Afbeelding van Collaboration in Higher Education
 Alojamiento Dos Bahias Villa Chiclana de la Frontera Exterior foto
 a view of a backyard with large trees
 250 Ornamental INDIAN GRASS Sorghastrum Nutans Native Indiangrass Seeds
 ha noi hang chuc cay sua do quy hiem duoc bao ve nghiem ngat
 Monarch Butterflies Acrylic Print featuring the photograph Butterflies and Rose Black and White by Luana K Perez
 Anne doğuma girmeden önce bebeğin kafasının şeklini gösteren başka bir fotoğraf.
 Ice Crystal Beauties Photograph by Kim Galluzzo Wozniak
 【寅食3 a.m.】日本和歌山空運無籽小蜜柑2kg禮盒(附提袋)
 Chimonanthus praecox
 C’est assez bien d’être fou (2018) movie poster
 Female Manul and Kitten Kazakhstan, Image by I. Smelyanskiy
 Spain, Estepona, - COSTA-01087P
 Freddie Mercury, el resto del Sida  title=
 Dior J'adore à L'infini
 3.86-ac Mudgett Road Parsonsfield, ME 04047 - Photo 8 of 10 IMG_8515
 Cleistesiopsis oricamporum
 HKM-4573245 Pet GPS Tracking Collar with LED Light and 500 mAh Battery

*Problem statement*
Exact copies of the lines from the one containing "Cleistesiopsis oricamporum" through the end of the listing, both included, are the only thing wanted.

*Exercise result*
 Cleistesiopsis oricamporum
 HKM-4573245 Pet GPS Tracking Collar with LED Light and 500 mAh Battery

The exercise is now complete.